So much chatter in my head when I come home. I love my home state, my family, the changes in my relationship with them, the laughs that we have, but sometimes being with so many of them at once in a single holiday weekend is enough to make me scream. Nothing traumatic happened, nothing upsetting. Just chaos and a constant parade of voices in my head, as though they're all still here commentating on what I'm doing. I sometimes forget that when I come home, I no longer have to play the daughter role 24/7. I no longer have to be so social.
It's like when you've been to a 3-day music festival and then you finally come home, but all you can hear is that music and all those people that were sitting around you chattering in your ears. You know that you're home, but your head is still sitting in a field somewhere re-enacting every memorable moment or conversation you just had in the past 72 hours. I call it 'Holiday Lag.' It takes a good week before you're back in your own time zone again.
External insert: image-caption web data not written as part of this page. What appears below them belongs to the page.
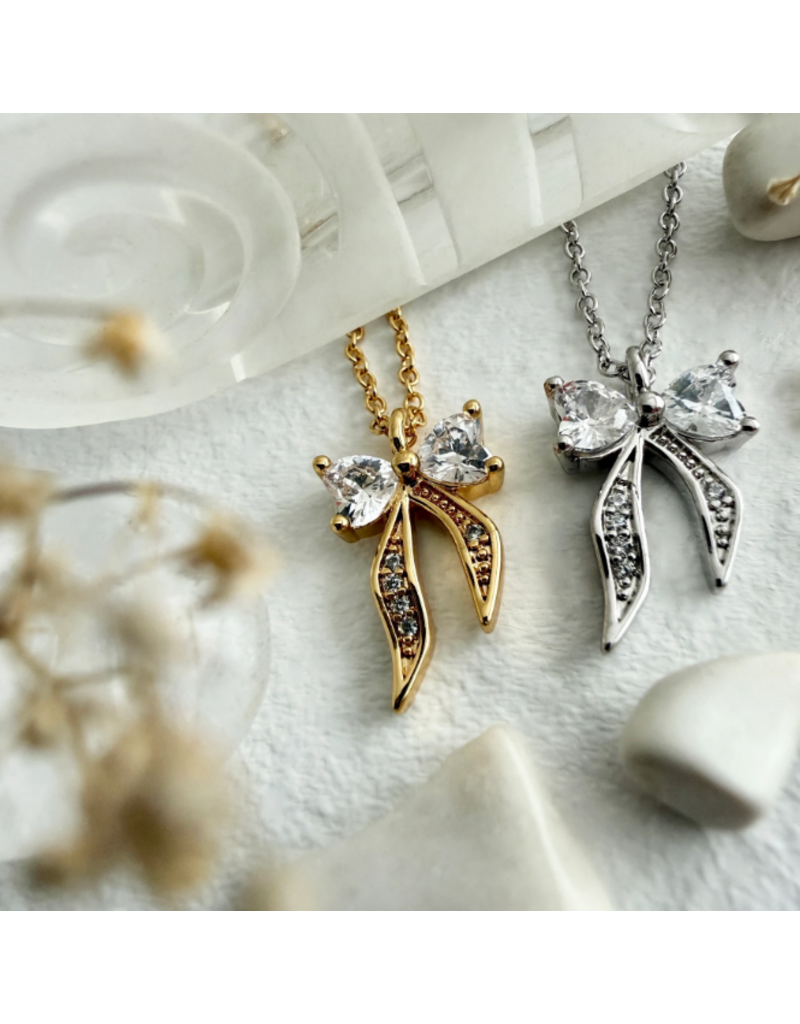 PIKA & BEAR FONTANGE CHARM NECKLACE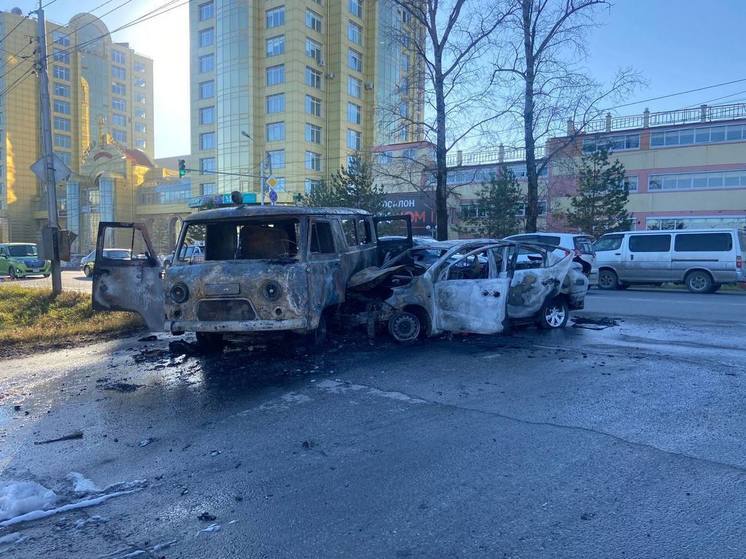 Утром в Хабаровске после столкновения сгорели две машины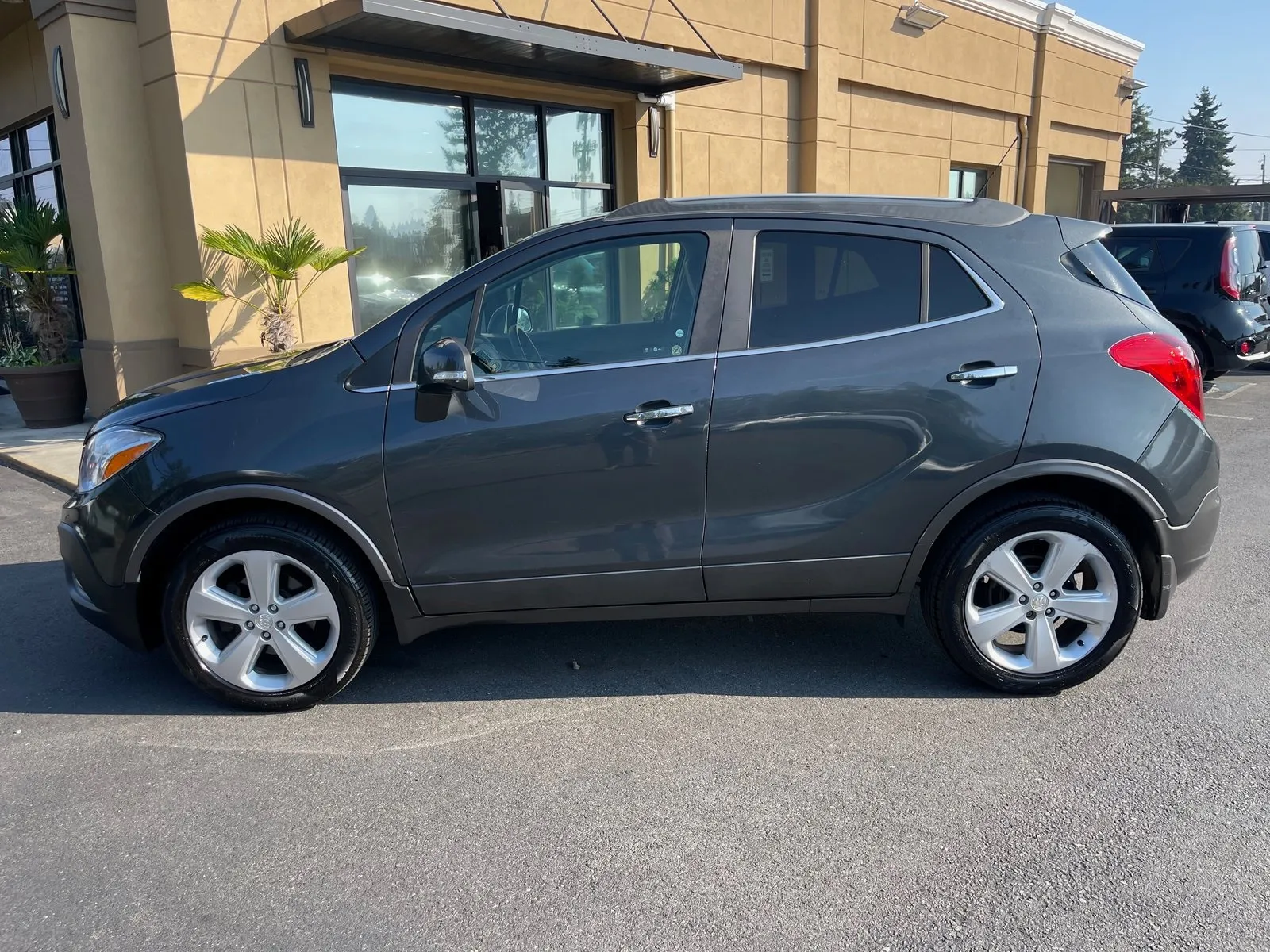 2016 Buick Encore Base photo 18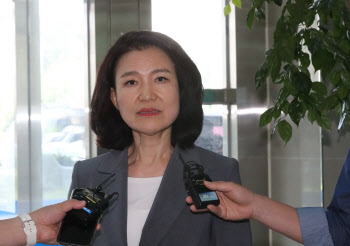 "김민석은 자료도 안 냈는데"…`법카 유용` 이진숙, 경찰 출석
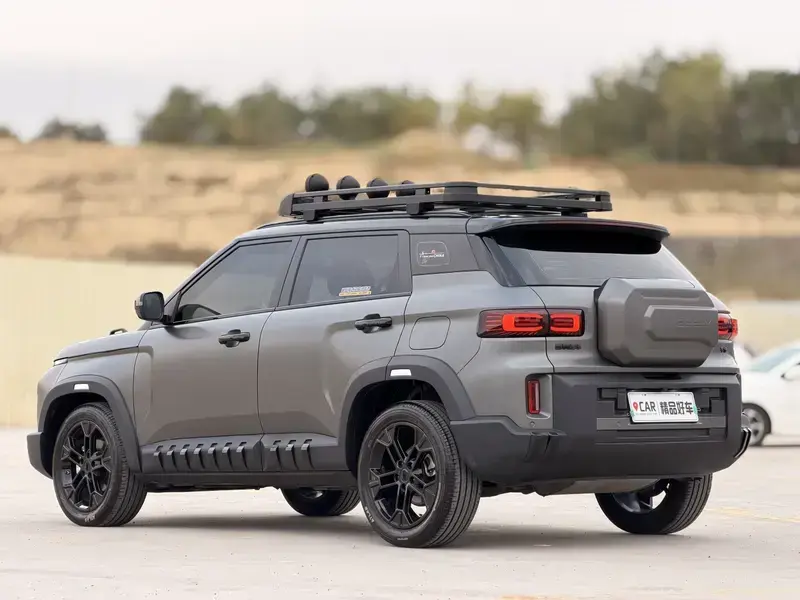 2025 Geely Cowboy с пробегом 16 000 км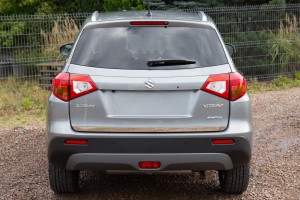 SUZUKI VITARA II LY 2015+ DOLNA LISTWA TYLNEJ KLAPY STAL NIERDZEWNA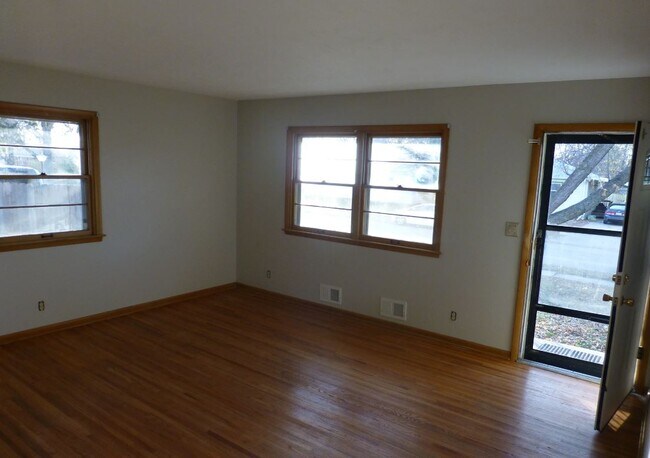 Building Photo - 3910 N 12th St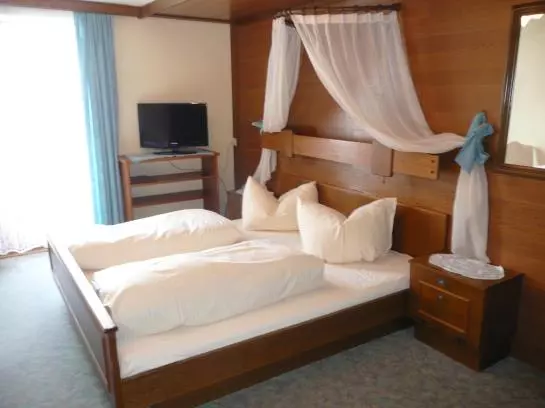 ペンション Gasthof Enzian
So many times I come into this office to 'unload' my thoughts and then I get sidetracked reading about other peoples' lives and somehow my own thoughts are forgotten. But then again it's 2:30 in the morning and I'm very tired, so the very fact that I feel as though I even have thoughts to unload is kind of ludicrous. In truth, I'm probably just in need of sleep and unaware that I'm not even making sense. Right now it seems so incredibly important that I write out all the scattered thoughts in my head in order to clear out my brain a bit. The irony? Tomorrow when I wake up I'll wonder what in the hell I was thinking and won't remember a damn bit of it.
God, are you even confused yet? I sure as hell am. Nite-nite.
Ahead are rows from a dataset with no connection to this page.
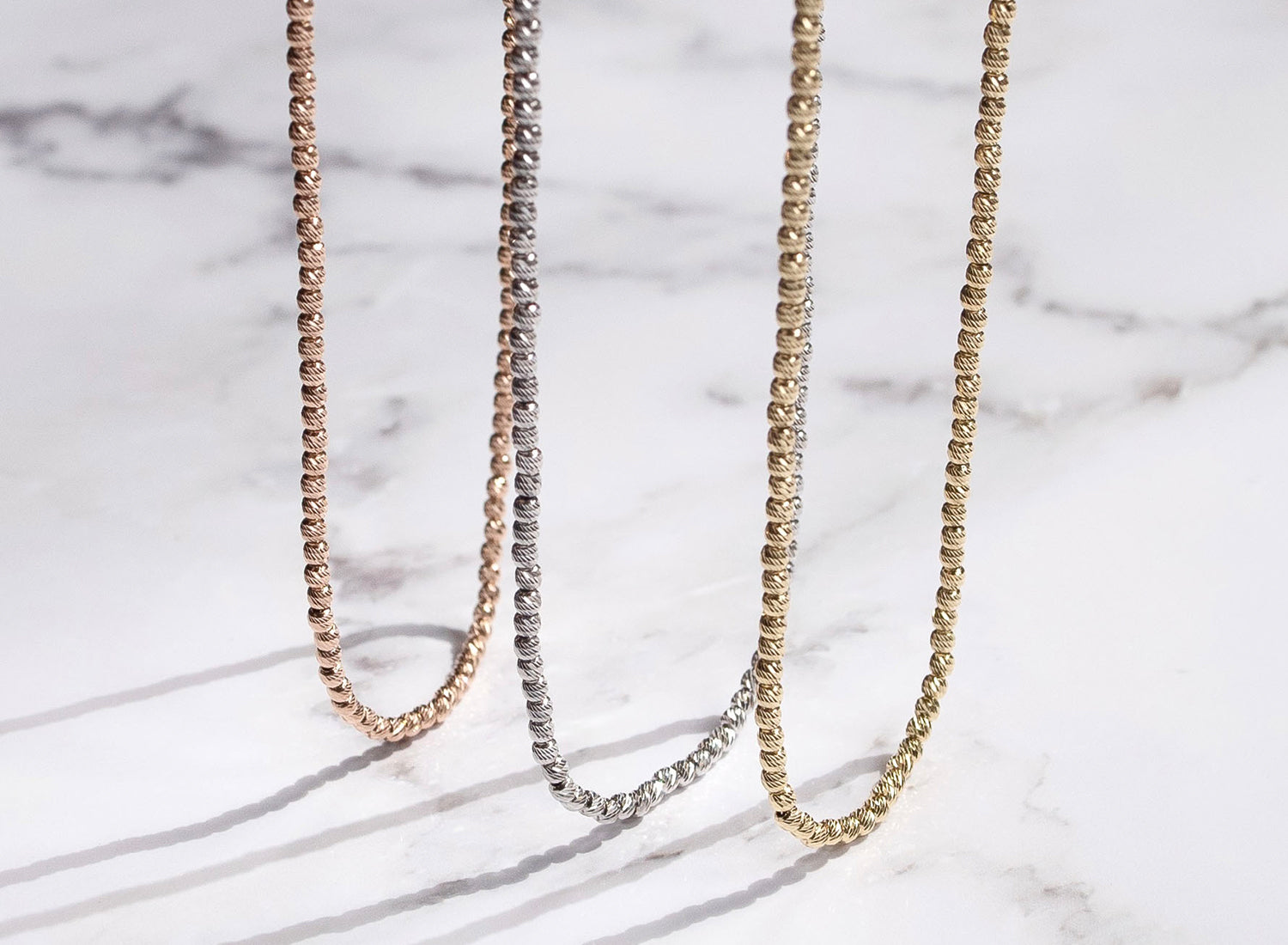 Choker Ikaria bolitas diamantadas 14k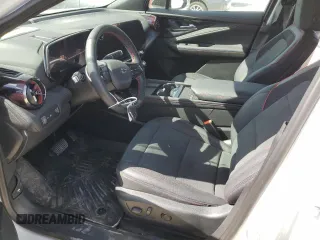2024 Chevrolet Blazer EV eAWD RS z VIN 3GNKDCRJ3RS255118, wystawiony jako Copart lot #49162575 z przebiegiem 3132 mil mil oraz Szkody całkowita. Historia ofert i sprzedaży dostępna na DreamBid. Obrazek 7.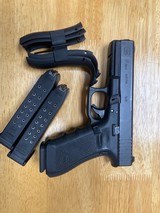 GLOCK 17 G17 GEN 4 9MM - 1 of 2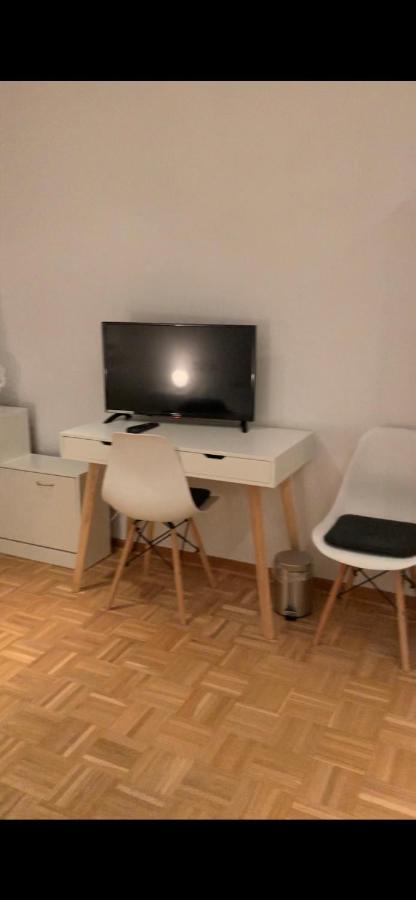 Aschaffapartment 4 Schlafzimmer Bis 10 Personen Bei Aschaffenburg Mainaschaff Exteriér fotografie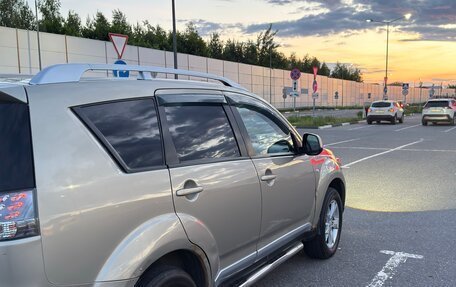 Mitsubishi Outlander III рестайлинг 3, 2008 год, 999 999 рублей, 11 фотография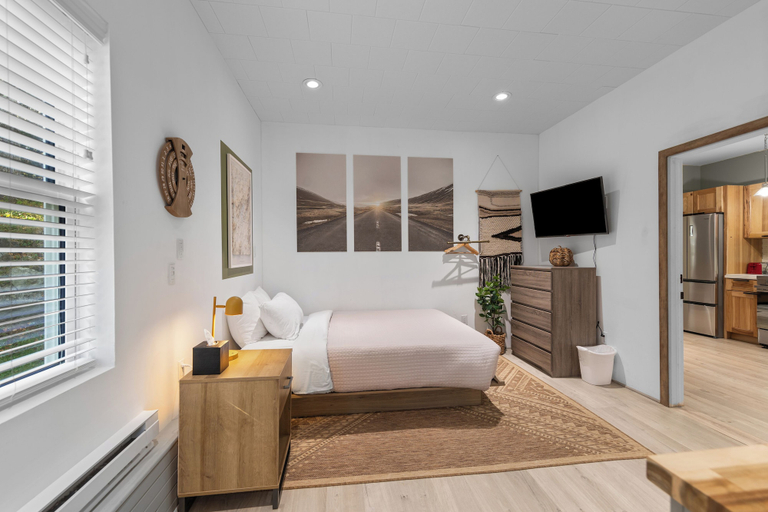 Room 5, Cozy Modern Home, Essex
If there's shit to report tomorrow, I'll write. If not, then obviously I just needed some sleep. So there you go.
Some random notes though before I head for bed:
-- Happy Birthday Nikki!
-- Congrats to Jules on joining the cult getting a beagle!
-- July 1st was my one-year Vegetarian mark. I can't believe it's been a year. I still think it's one of the best decisions I ever made.
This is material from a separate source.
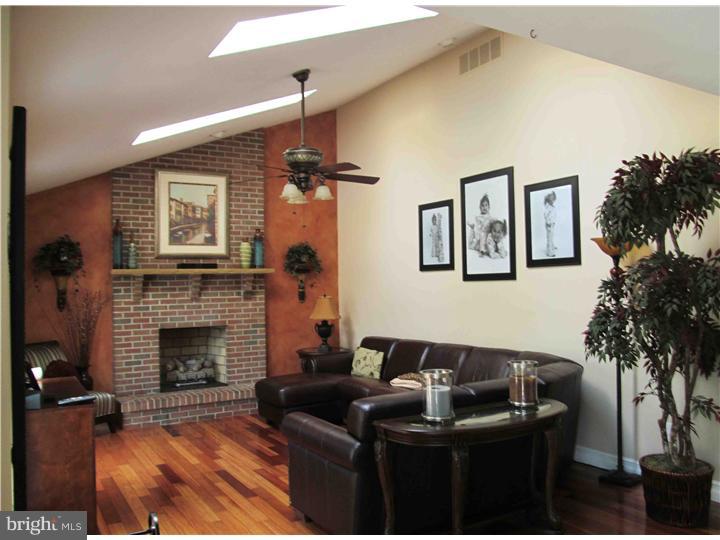 38 Brookwood Road Mount Laurel, NJ 08054 - Photo 10 of 25 Family Room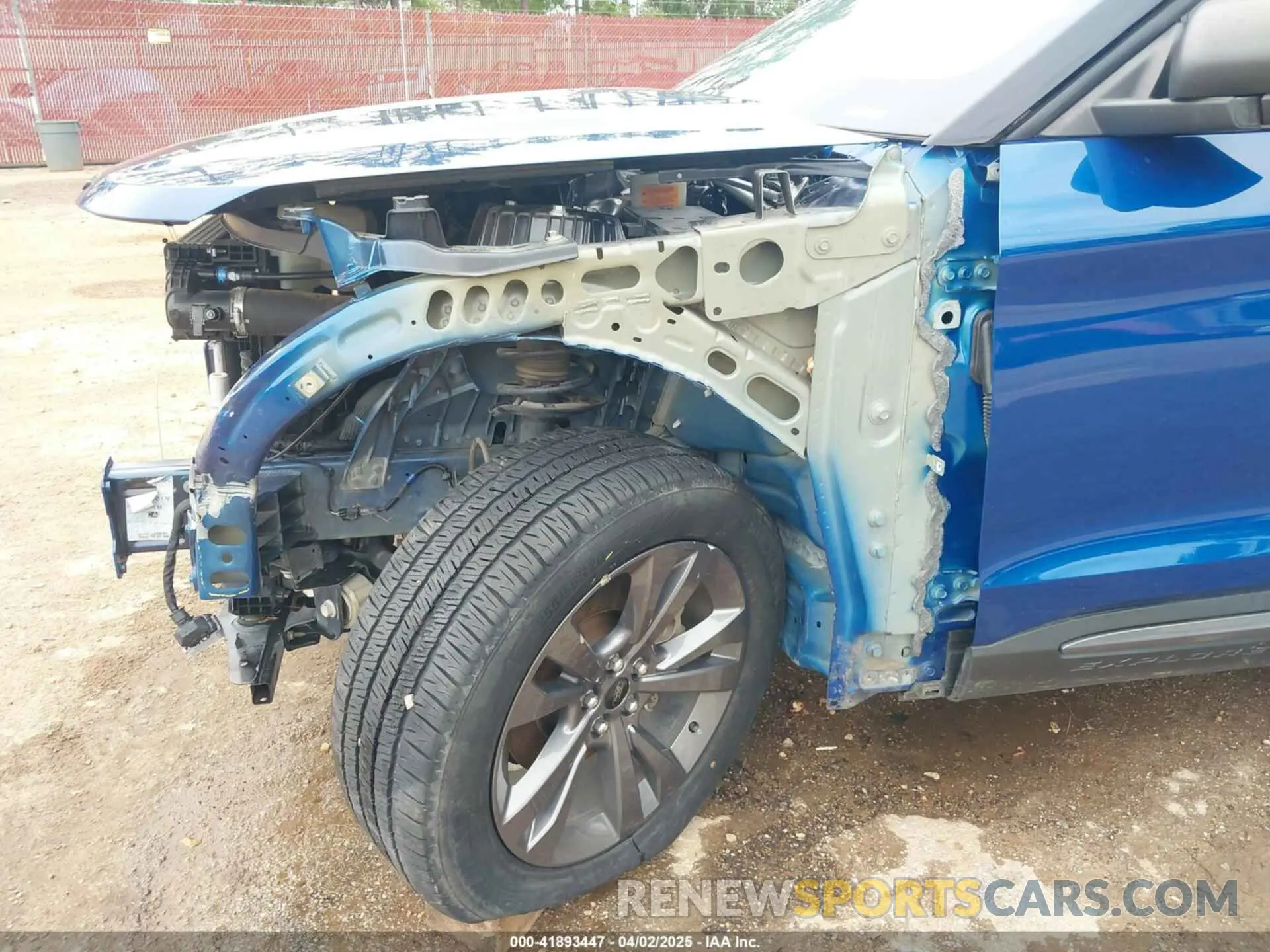 19 Photograph of a damaged car 1FMSK7DH6MGB31745 FORD EXPLORER 2021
-- We've decided that I should take the entire summer off. We want to take some small vacation trips over the summer and if I started working right now, that just wouldn't be possible. So it looks like I'll be (hopefully) taking a trip to Chicago in September and then after that I'll be pounding the pavement and entering the working world. I'm a little excited. I'm a little scared.
-- I can't believe how much I've changed in a single year. I can't believe how much I've accomplished. I can't believe I won't be buying binders and notebooks in August. I can't believe that I'm not forgetting something every time I leave the house without my backpack. I can't believe that my diploma is really real. I can't believe that there is so much pain in the world. I can't believe that there is so much joy.
I can't believe that I am still up. Again with the nighty-nite.